If you want your kids to succeed, you have to let them fail.

  1. Learn to lose well. In life, you lose more than you win. Learning how to take a loss, get back up, and keep moving, makes you resilient.
  2. Failure is not glamorous nor inspirational. It hurts. Resilient people feel the pain of losing, which inspires them to keep fighting. Learn to accept the sting of that failure and move on.
  3. What is Success? No, it is not the results. We, as parents, support you in full with unconditional love even if your efforts doesn't produce the desired result. School, sports, or at home, we equate success with efforts, not outcomes.

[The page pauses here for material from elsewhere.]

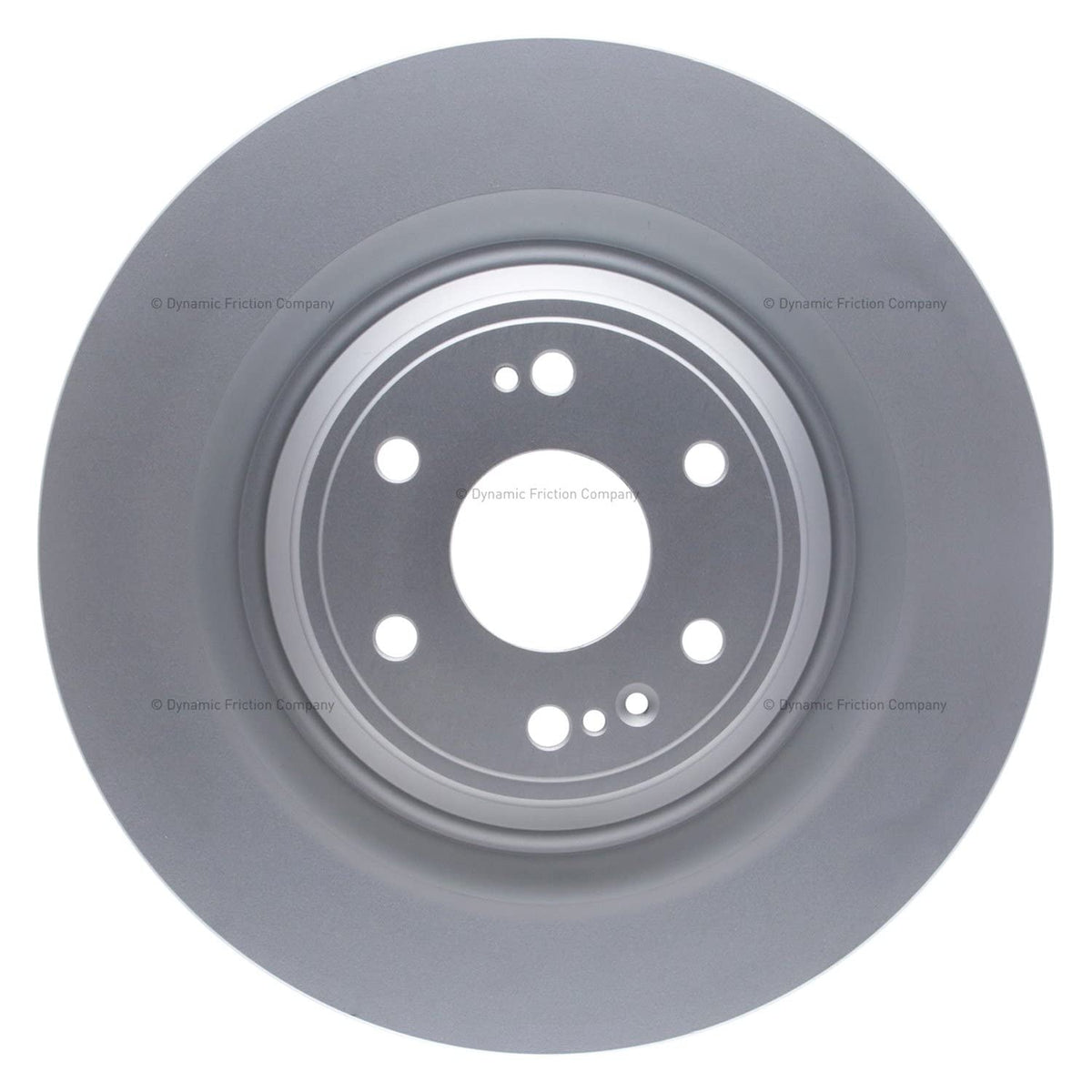 Dynamic Friction 900-47079 DFC Front Brake Rotor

  4. Take risk, perhaps calculated risk. Building resilience requires taking risks. Risk-taking is a muscle. Make sure you exercise it from an early age.
  5. Try to solve your own problems. Ask parents for something entirely new or things that are dangerous. Solve problems but don't be an idiot.
  6. Loving pressure. We will apply loving pressure to push you to do something that you will struggle with but may be achievable. We hate the idea but you and we will love the outcomes that comes out of that practice.
  7. Time principles;
    1. Things take time.
    2. Things work out over time.
    3. Time heals. Patience in the face of failure - put you head down, do the work and let the clock tick in your favor.
  8. There will be self-doubt -- it is a feature, not a bug. Resilience requires listening to self-doubt. Because self-doubt signals that you're being stretched.
  9. Stack stones. Ancient cultures memorialized big events with stones. They were physical reminders of what they had overcome. Whether it's a journal of big wins, pictures on the wall, or a phrase on the mirror, it is fun to write or draw and document your their strengths, failures, and other events. You will love it in future.